Aros/Developer/Docs/Libraries/OOP

The case for a binary object model. The ability to be able to use C++ and other programming languages from a VM that statically compiles at install time, especially if you want to ditch the JIT in the process.

Also, I'll be needing to wrap any usage of OS-specific structures or variables in a library that links at install time as well. This could simply be a hosted AROS though.

But Amiga style libraries are not objects in any meaningful way. The object-orientation in AmigaOS are not centered around libraries, but around other structures. Moving towards more OO might be interesting, but adding interfaces to the libraries isn't achieving that.

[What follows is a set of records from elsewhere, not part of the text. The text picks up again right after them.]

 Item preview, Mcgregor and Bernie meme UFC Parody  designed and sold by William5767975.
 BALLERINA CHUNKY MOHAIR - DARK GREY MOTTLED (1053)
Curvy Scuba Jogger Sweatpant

In order to do OOP as a binary object model, I got the source to Marius Schwarz' OOP4a. There were some serious flaws in it. It used linear searches to find the names of the commands and didn't support interface inheritance. I know how to do Java-style interfaces in a .library but the dependence on the linear name lookups made things unusable.

When I started making my Object.library implementation I decided that interface inheritance is preferable to multiple inheritance because it yields no dreaded diamond dependencies. I used hash tables to do name lookups instead of a linear search and wrote it in C rather than 68k Assembly. I'm not quite sure how AROS does its library headers without FD files but I realize that they have to be processor independent on AROS.

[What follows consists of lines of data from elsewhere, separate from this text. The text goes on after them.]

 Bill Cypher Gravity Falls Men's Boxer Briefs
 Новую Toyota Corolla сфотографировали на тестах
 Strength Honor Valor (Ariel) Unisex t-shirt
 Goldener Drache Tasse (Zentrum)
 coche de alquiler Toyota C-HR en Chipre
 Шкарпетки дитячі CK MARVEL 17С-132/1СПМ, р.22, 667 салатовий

This brings us back to the subject: A binary object model. OOP4a used subdirectories within libs:classes/ on 68k AmigaOS to indicate the inheritance structure hierarchy of the prototype class libraries that it came with. This would keep the namespaces separate from between the libraries so that no object would interfere with the name of another object (within reason). I was going to use a separate interface file for each interface in a libs:interfaces/ directory that would be a global repository of all interfaces other than the direct inheritance interface (referred to on OS 4 as "main"). The direct inheritance interface could be contained in the same directory as the library it defines even though my original plan was to use a hash table for the name lookup.

The way inheritance was implemented in OOP4a was for a parent link to be held in the library's global area in the positive offsets of A6. This meant that when opening a class library, its parent directory would be accessed and the parent library opened initiating recursion leading up to root class where a null was encountered. In my Object.library implementation the Object.library class was the root class anyway thus eliminating some specialized cases where a parent class might not have a name lookup, and so on.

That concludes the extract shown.